I'm currently selling off extra parts on craigslist to fund the new wheels and tires, and we should be painting and bedlining next week, so we're almost to the end

Here's a pic of my buddies handywork.

It's not done yet, still more welding and grinding, then por15 and bedlinng. The rust wasn't that bad but we figured we may as well use as much of the floor panels as we can rather than waste them. Going to use the seam sealer on it too before hand.
09-06-2013 02:31 PM
megamike Back from a long break on this project.
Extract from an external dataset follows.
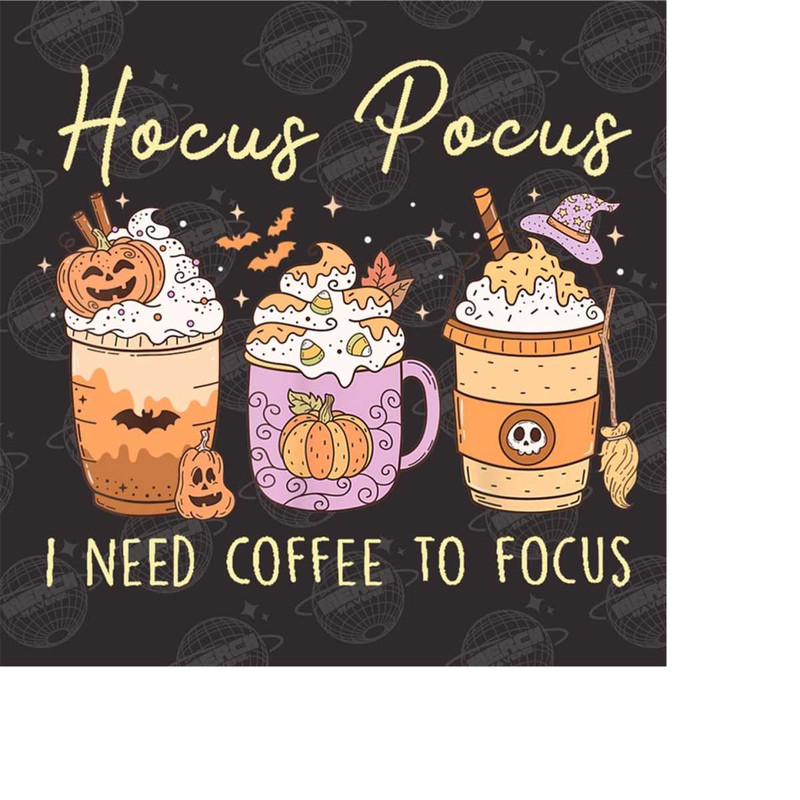 MR-1510202311460-hocus-pocus-need-coffee-to-focus-png-halloween-sublimation-image-1.jpg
All that's really left is body work, and we decided were going to roll on the paint instead, it seems to come out better that way from the forums that I've read.

Anyway, this might be common knowledge, but that aircraft paint remover turns a cheap spray on bedliner into butter.

This stuff is a miracle, aside from the stench. Luckily I'm in a paint room with great ventilation.
07-25-2013 12:57 AM
megamike And I'll update some pics next week, on sunday we're getting the broken bolts out of the new body. It has one spot of rust on the driver side that needs a plate welded in were the seatbelt attaches. Then we sand it down and were going bedliner underneath and interior. And my gf is painting it olive drab, rattle can style. She's good at making spray paint work. She's tried to teach me but I think it aggravates her that I can't do it... so I'm leaving it to her.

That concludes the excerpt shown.